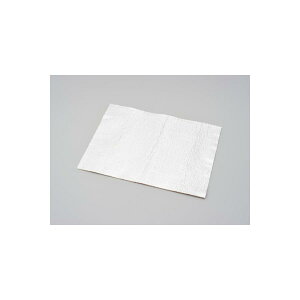 Daytona (fCgi) fMOXE[ V[g 300X400 }\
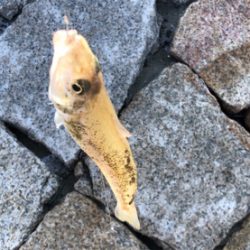 シーバスロッドでキス釣り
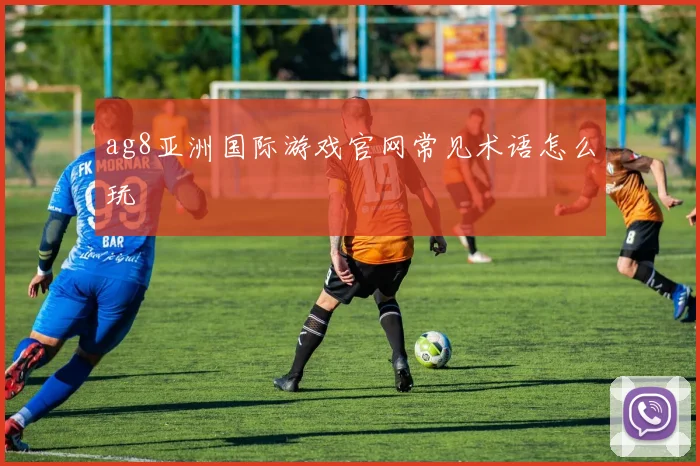 ag8亚洲国际游戏官网常见术语怎么玩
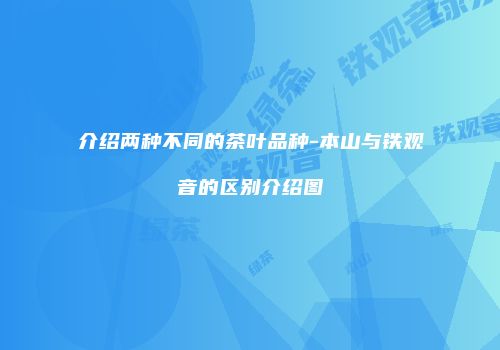 介绍两种不同的茶叶品种-本山与铁观音的区别介绍图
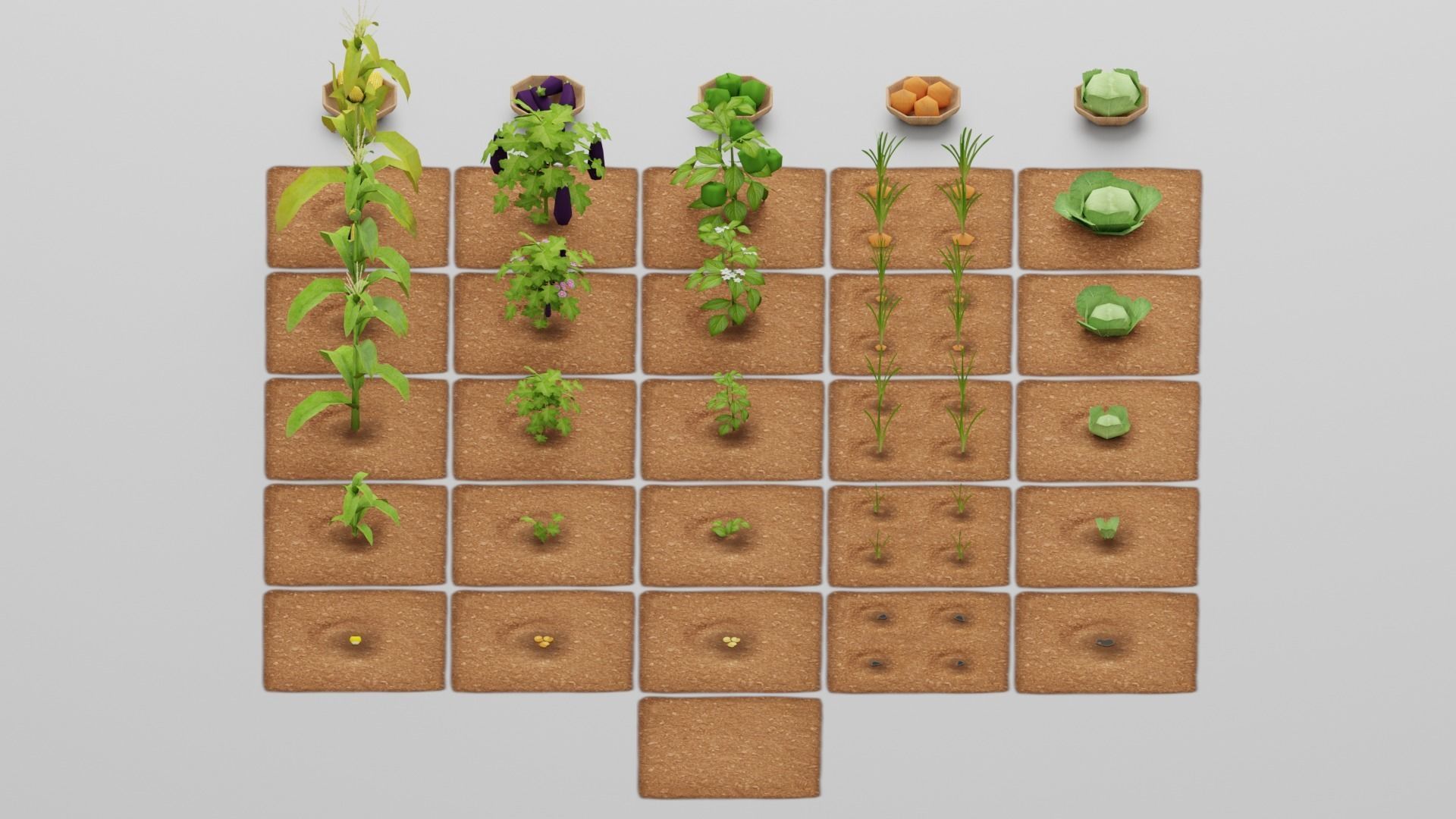 Vegetable Farm G42 Low-poly 3D model_13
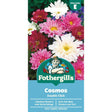 Mr Fothergills Cosmos Double Click Mixed Seeds - Old Railway Line Garden Centre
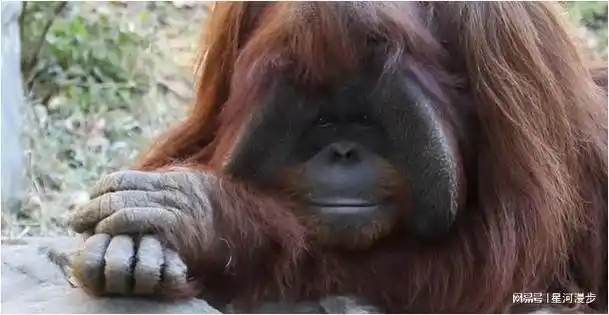 美国女子将公猩猩当人养大让它去上大学却因伤害女同学被关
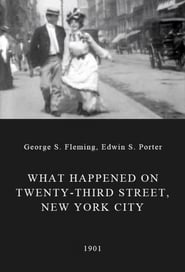 What Happened on Twentythird Street New York City' Poster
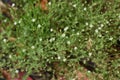 Thyme-leaved Sandwort flowers.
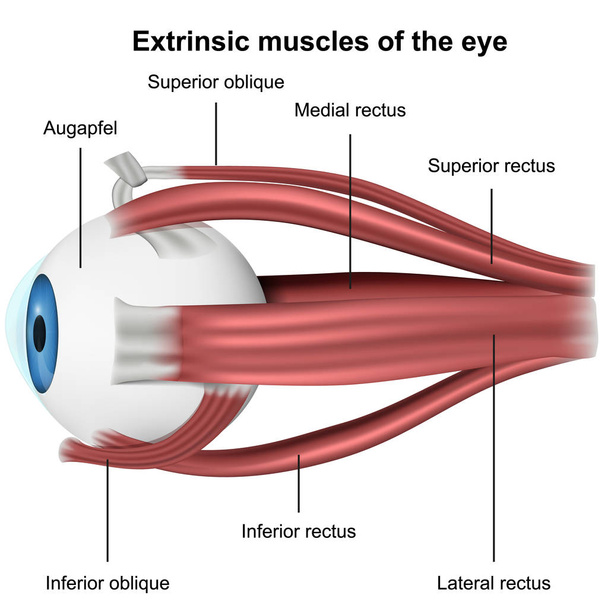 Músculos del ojo, 3d ilustración del vector médico sobre fondo blanco
 - Vector, Imagen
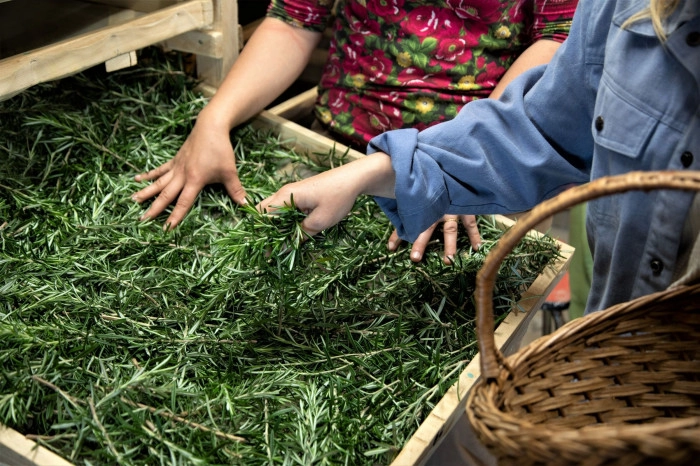 Atelier Cosmétique et bien-être - Cueillette botanique/Composition de thés et infusions à Bidarray – 3h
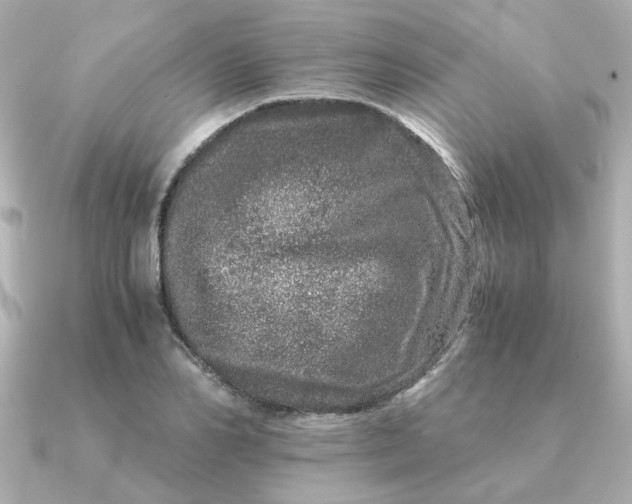 X0000090720982200708101550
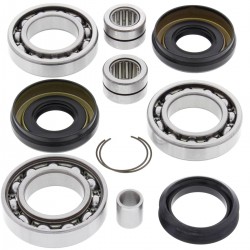 Kit rulmenti si garnituri diferential All Balls Racing DB25-2060 Kit rulmenti si garnituri diferential All Balls Racing DB25-2060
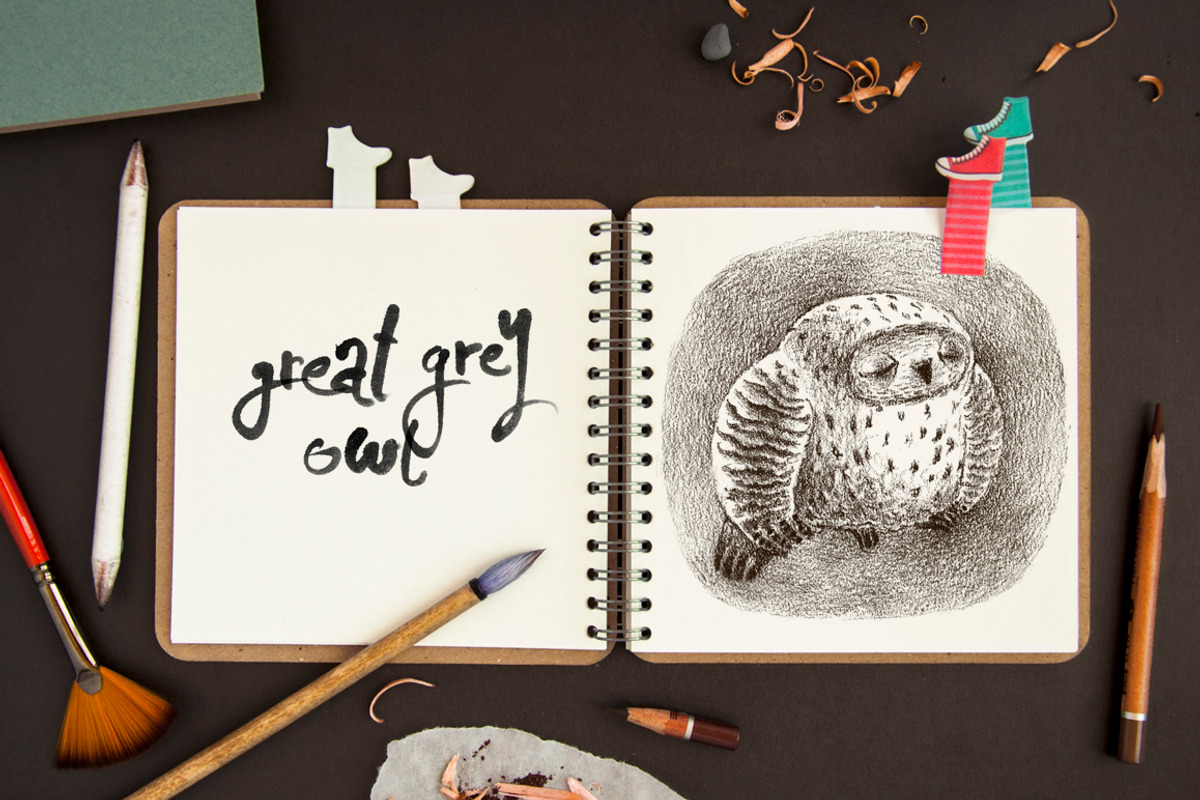 Tiny Owls Album, an Animal Illustration by Mazheika Store (Photo 6 of 9)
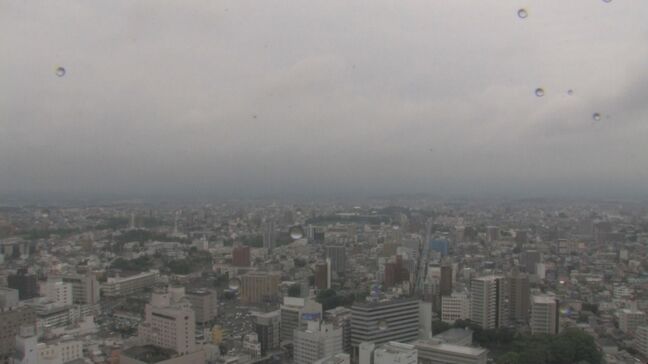 東北地方梅雨入り　東北南部は去年より9日早く|TBS NEWS DIG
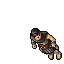 Arena Champion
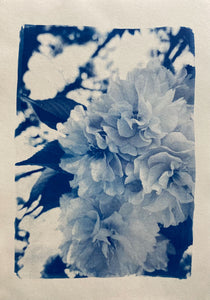 Photographie "Cerisier du Japon" original format A4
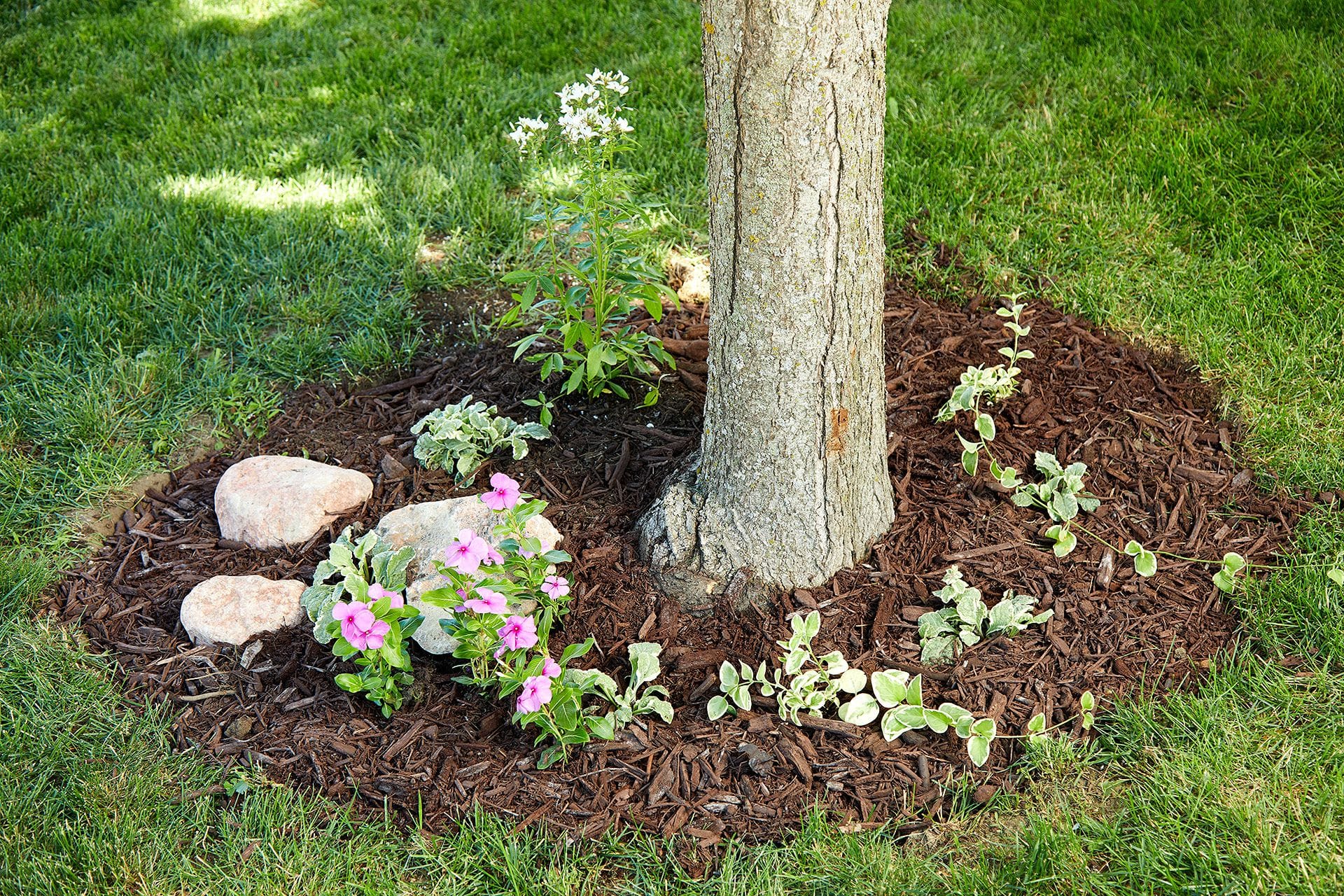 How to Landscape around Trees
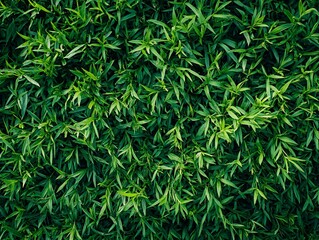 Obraz premium A lush, vibrant green background filled with dense leaves, showcasing the intricate details and textures of nature's foliage.
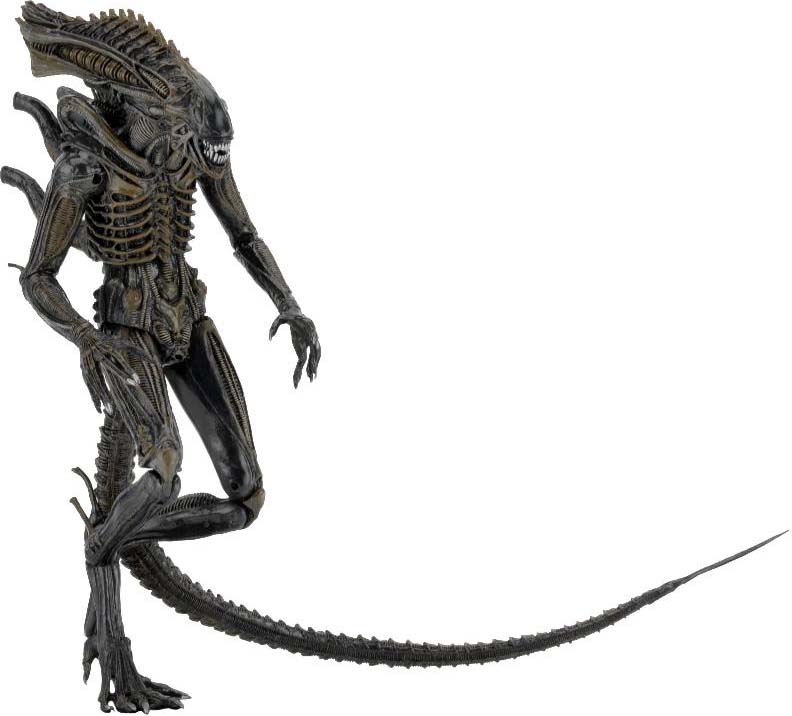 neca alien defiance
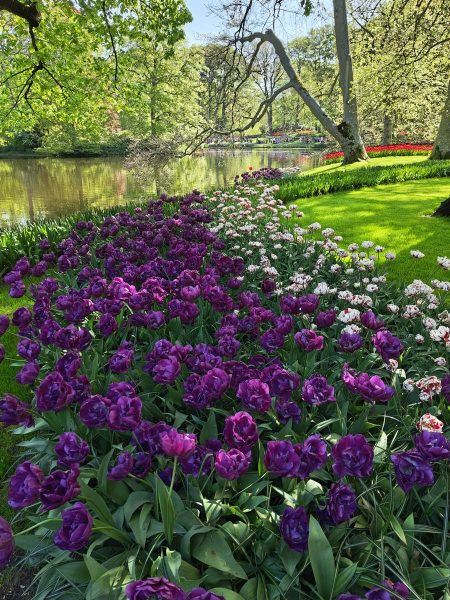 parc de keukenhof 2025 (10)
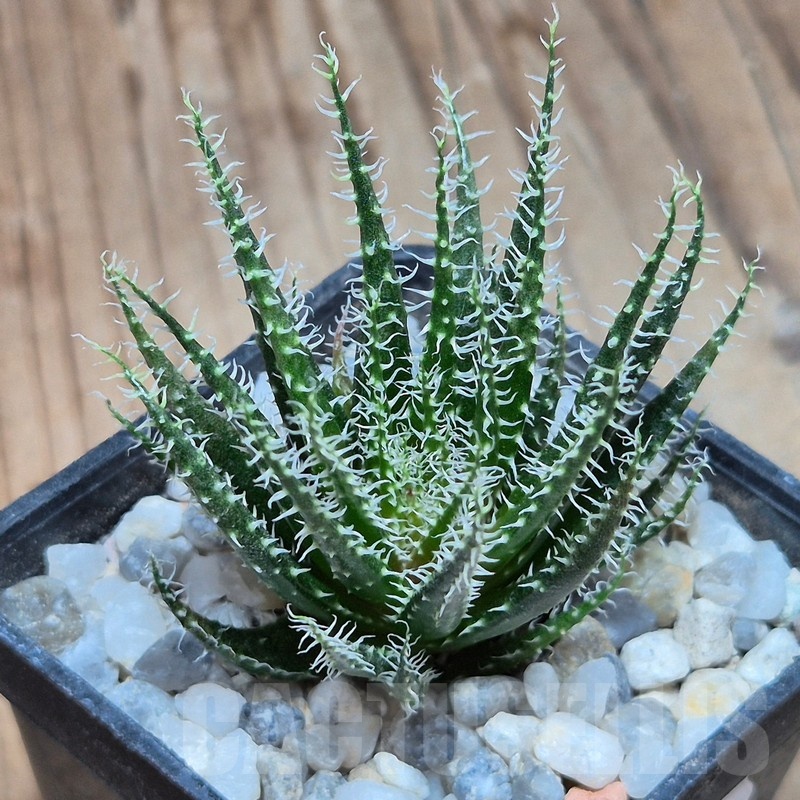 VVG25585 Aloe haworthioides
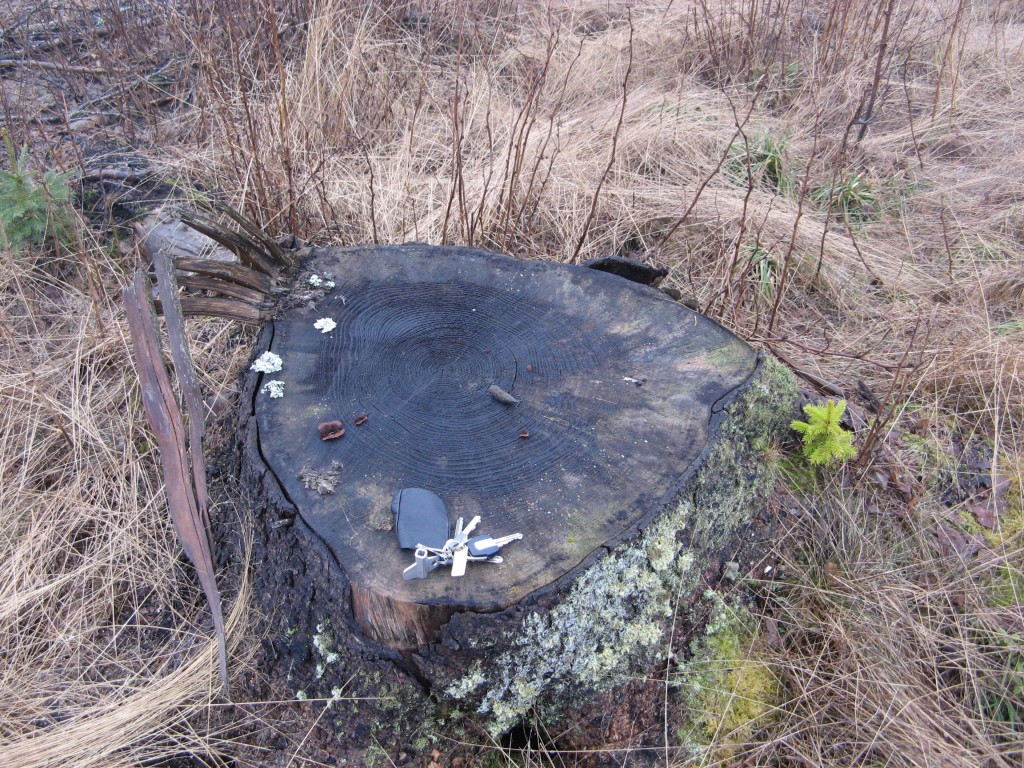 En stubbe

+ + +

- [INSTRUCTIONS FOR THE TASK]: Leave out the pictures, and retype exactly the lines from the one containing "How to Landscape around Trees" through the final line of the data.

- [RESULT OF THIS TASK]:
 How to Landscape around Trees
 Obraz premium A lush, vibrant green background filled with dense leaves, showcasing the intricate details and textures of nature's foliage.
 neca alien defiance
 parc de keukenhof 2025 (10)
 VVG25585 Aloe haworthioides
 En stubbe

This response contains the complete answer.